- SOURCE MATERIAL:
════════════════

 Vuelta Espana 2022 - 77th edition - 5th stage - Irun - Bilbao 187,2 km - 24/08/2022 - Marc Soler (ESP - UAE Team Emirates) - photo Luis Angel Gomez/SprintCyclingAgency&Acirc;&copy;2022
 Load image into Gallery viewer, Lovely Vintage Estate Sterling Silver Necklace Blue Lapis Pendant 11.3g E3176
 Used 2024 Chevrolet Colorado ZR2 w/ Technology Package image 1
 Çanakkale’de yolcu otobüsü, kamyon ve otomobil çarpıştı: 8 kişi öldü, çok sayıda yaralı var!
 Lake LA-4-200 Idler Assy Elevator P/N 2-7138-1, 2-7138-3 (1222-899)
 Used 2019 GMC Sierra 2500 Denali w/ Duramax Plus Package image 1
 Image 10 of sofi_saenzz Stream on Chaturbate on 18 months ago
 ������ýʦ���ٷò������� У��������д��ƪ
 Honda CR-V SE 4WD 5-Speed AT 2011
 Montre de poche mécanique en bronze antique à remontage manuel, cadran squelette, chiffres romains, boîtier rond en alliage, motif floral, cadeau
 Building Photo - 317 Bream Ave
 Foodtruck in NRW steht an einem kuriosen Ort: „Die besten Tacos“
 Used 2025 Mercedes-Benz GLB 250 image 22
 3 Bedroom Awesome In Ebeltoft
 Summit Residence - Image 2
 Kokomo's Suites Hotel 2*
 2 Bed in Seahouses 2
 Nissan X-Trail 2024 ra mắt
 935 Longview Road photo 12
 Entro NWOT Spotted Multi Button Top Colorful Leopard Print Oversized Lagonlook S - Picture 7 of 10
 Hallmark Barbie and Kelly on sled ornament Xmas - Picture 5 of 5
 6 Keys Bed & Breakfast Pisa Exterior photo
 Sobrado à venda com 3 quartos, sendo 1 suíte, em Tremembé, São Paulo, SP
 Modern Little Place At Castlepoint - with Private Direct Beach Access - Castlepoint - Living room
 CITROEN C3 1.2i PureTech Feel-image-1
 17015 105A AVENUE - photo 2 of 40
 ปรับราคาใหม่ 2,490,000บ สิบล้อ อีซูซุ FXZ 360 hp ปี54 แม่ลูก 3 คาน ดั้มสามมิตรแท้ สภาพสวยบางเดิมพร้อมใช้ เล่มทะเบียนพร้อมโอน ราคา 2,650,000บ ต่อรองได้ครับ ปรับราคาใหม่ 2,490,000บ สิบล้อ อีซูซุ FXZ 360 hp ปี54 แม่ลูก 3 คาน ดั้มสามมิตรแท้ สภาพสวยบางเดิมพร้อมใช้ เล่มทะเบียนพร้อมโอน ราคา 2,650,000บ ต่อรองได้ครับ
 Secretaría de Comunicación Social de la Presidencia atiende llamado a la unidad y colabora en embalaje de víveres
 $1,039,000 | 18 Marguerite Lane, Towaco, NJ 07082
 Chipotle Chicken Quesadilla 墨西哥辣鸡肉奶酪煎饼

════════════════

- YOUR INSTRUCTIONS: From the start of the data to the line that holds "Kokomo's Suites Hotel 2*", retype each line exactly, with both ends included.

- SOLUTION TO THE PROBLEM:
 Vuelta Espana 2022 - 77th edition - 5th stage - Irun - Bilbao 187,2 km - 24/08/2022 - Marc Soler (ESP - UAE Team Emirates) - photo Luis Angel Gomez/SprintCyclingAgency&Acirc;&copy;2022
 Load image into Gallery viewer, Lovely Vintage Estate Sterling Silver Necklace Blue Lapis Pendant 11.3g E3176
 Used 2024 Chevrolet Colorado ZR2 w/ Technology Package image 1
 Çanakkale’de yolcu otobüsü, kamyon ve otomobil çarpıştı: 8 kişi öldü, çok sayıda yaralı var!
 Lake LA-4-200 Idler Assy Elevator P/N 2-7138-1, 2-7138-3 (1222-899)
 Used 2019 GMC Sierra 2500 Denali w/ Duramax Plus Package image 1
 Image 10 of sofi_saenzz Stream on Chaturbate on 18 months ago
 ������ýʦ���ٷò������� У��������д��ƪ
 Honda CR-V SE 4WD 5-Speed AT 2011
 Montre de poche mécanique en bronze antique à remontage manuel, cadran squelette, chiffres romains, boîtier rond en alliage, motif floral, cadeau
 Building Photo - 317 Bream Ave
 Foodtruck in NRW steht an einem kuriosen Ort: „Die besten Tacos“
 Used 2025 Mercedes-Benz GLB 250 image 22
 3 Bedroom Awesome In Ebeltoft
 Summit Residence - Image 2
 Kokomo's Suites Hotel 2*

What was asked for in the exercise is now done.